The fair issue

Oliver Parsons

Editor of Modus (RICS)

As business deals become more complex, and more challenged by the variety of cultural norms we are exposed to in the global marketplace, how can you be sure you are behaving ethically?

What’s the difference between knowing the rules and responding to them in the real world?

To tackle the thorny subject of ethics, in our cover feature for this issue we present a selection of complex, fictional scenarios to a panel of experts for their consideration. What will they suggest is the best way for an RICS member to proceed?

Also this month, we ask why the industry is dragging its heels over gender inequality; take a look at the potential of BIM as a forensic tool in construction dispute resolution; and discover how you build a Disneyland in China.

Comments (1)

  1. Has the RICS woken up yet to the use of drones in the commercial market. It is the fastest growing technical industry world wide and will soon become the tool of almost all surveying practices. Yet the RICS has not yet sorted out a discipline into which the use of drones can sit comfortably. Perhaps it will need its own discipline, Drone Surveying. The number of uses of drones grows daily and currently encompasses land surveying, agriculture, construction and many more. It is not about taking fantastic photographs and videos, it is so much more. Drones can make extremely accurate land surveys (+-5mm) using LIDAR, and produce fully detailed and accurate three D landscape modelling, they can produce 3D modelling of existing buildings, streets and landscapes, which can be imported directly into AutoCad. They can take detailed agricultural snap shots of the quality of crops growing using spectrometer based equipment, so determining water requirements, spraying for fungal attack or additional nutrient requirements.
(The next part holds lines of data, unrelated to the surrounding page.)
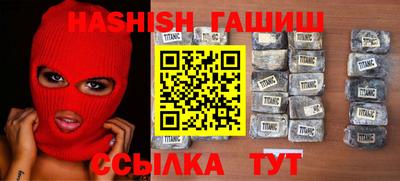мет Новозыбков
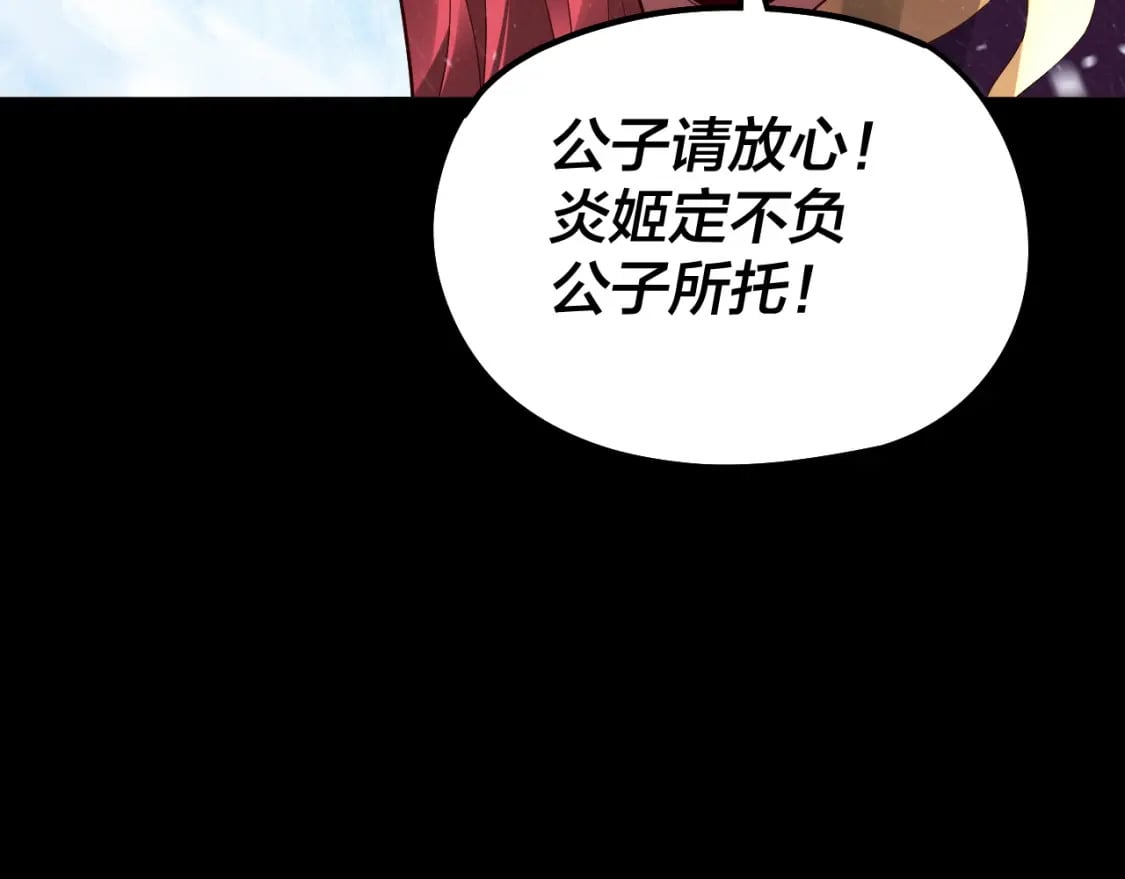 第83话 老祖之威123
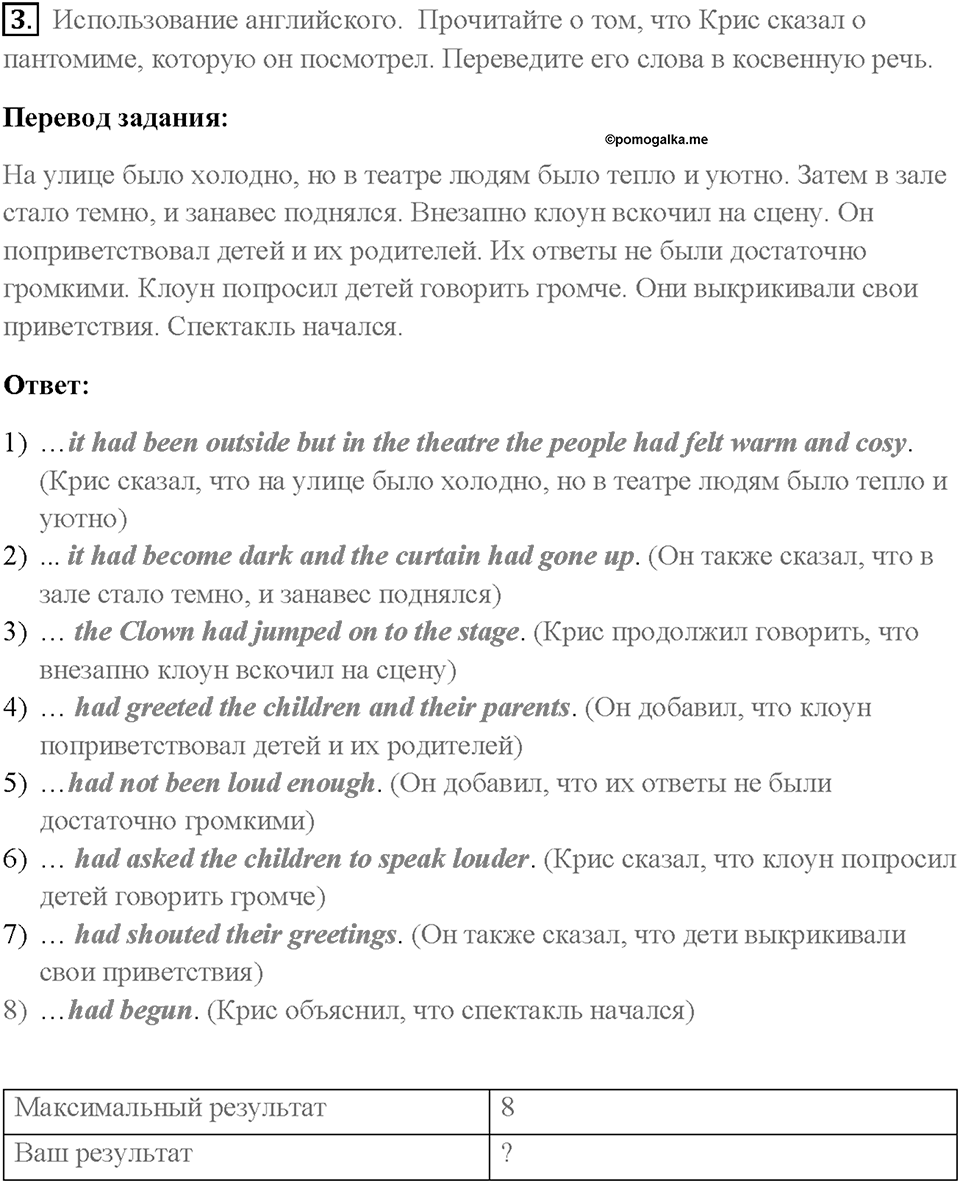 Часть 1. Unit 2. Страница 92. Step 10. Test Yourself. Задание №3 — решение 1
Using infra red cameras detailed heat losses in buildings can been identified, Failures in high powered electrical cables can be identified, the list goes on and on, increasing at an imaginable rate. This will be the biggest game changer in the world of surveying since the introduction of the computer. The RICS must be up and running ready to take this on board before somebody else does. However I have read and seen almost nothing but a cursory mention. As a qualified drone pilot, and MRICS I would like to see the RICS promote the use of drones in surveying in all its guises, and be the leading light, which all others will follow.